Paul Hoornaert (5 November 1888 - 2 February 1944) was a Belgian far right political activist. Although a pioneer of fascism in the country he was an opponent of German Nazism and, after joining the Belgian Resistance during the German occupation, died in Nazi custody.

==Early years==
Hoornaert was born in Liège to a middle class Catholic family and studied at the University of Liège, completing his doctorate in law in 1910. A lawyer by profession, Hoornaert was a veteran of the First World War where his combat record was highly distinguished.

==National Legion==
A strong admirer of Benito Mussolini, but equally demonstrating a staunch hatred of Germany, Hoornaert was a member of the far right veterans' group National Legion (Légion Nationale, Nationaal Legioen) which was established in Liège in 1922. Initially a minor group it grew rapidly from 1927 when Hoornaert became leader and converted it into a paramilitary militia. Under Hoornaert's leadership the 4,000-strong group, who wore a blue-shirted uniform in common with other European fascist groups, became associated with a militant Belgian nationalism, rejecting emphasis on both Flemish and Walloon identities in favour of a united Belgium. Other important ideological aspects included anti-communism, opposition to liberalism, and the parliamentary system. As Legion leader Hoornaert participated in the 1934 Montreux Fascist conference, campaigned in support of the Italian invasion of Ethiopia (1935–37) and raised volunteers for the Nationalists in the Spanish Civil War (1936–39).

The militia, which staunchly opposed Rexism despite sharing some aims, was strongly opposed to political party activity and for this reason Hoornaert broke from his sometime supporter, the writer Pierre Nothomb when he returned to the Catholic Party. His opponent Léon Degrelle suggested that Hoornaert never had more than 300 followers although more recent estimates have suggested that the Legion commanded as many as 7000 members by the early 1930s. He has been compared to Georges Valois in leading a pioneer fascist movement that rejected Nazism and instead took its impetus from the likes of Charles Maurras whilst drawing on disaffected ex-servicemen for its membership.
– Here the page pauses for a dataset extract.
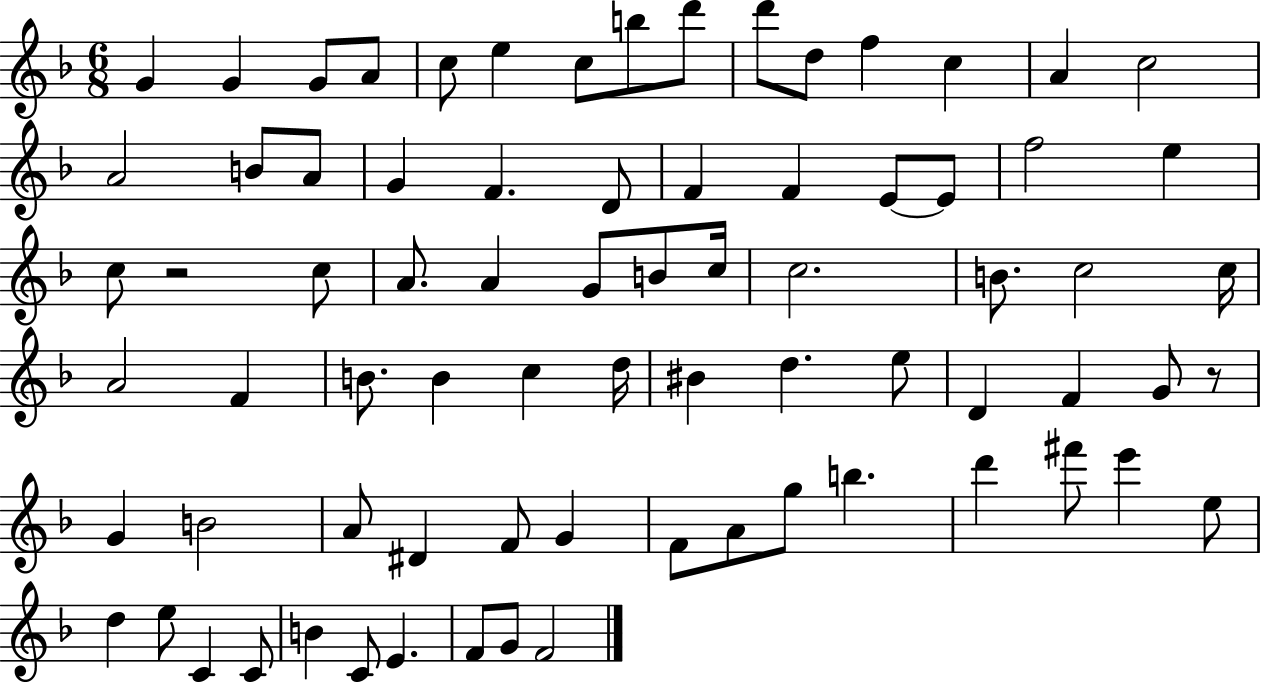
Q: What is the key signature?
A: F major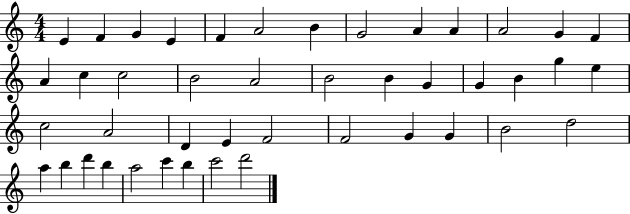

As well as leading the Legion Hoornaert was also briefly involved with the National Corporate Workers' Union (Nationaal Corporatief Arbeidsverbond, or NACO), a group set up by industrialist Charles Somville in June 1933. Hoornaert was a founder member of this group, although he and Somville clashed and became bitter rivals, partly because Somville feared that Hoornaert wanted to swallow up NACO in the Legion and partly because he was not enthusiastic about Somville's pet project, anti-Semitism. In 1940 he co-operated with Joris Van Severen, with an attempt made to merge the Legion with Van Severen's Verdinaso based on a shared loyalty to Leopold III of Belgium although the attempt was not a success.

==Later years==
Following the German invasion Hoornaert was forced underground after the Nazis outlawed his militia. As a consequence he joined the Légion Belge, a far right resistance movement led by dissident Rexists who opposed the occupation of Belgium. For his activity in this group Hoornaert was arrested by the Germans in 1942 and died in the prison of Sonnenburg on 2 February 1944. His spell in the resistance saw Hoornaert awarded the Croix de guerre by France.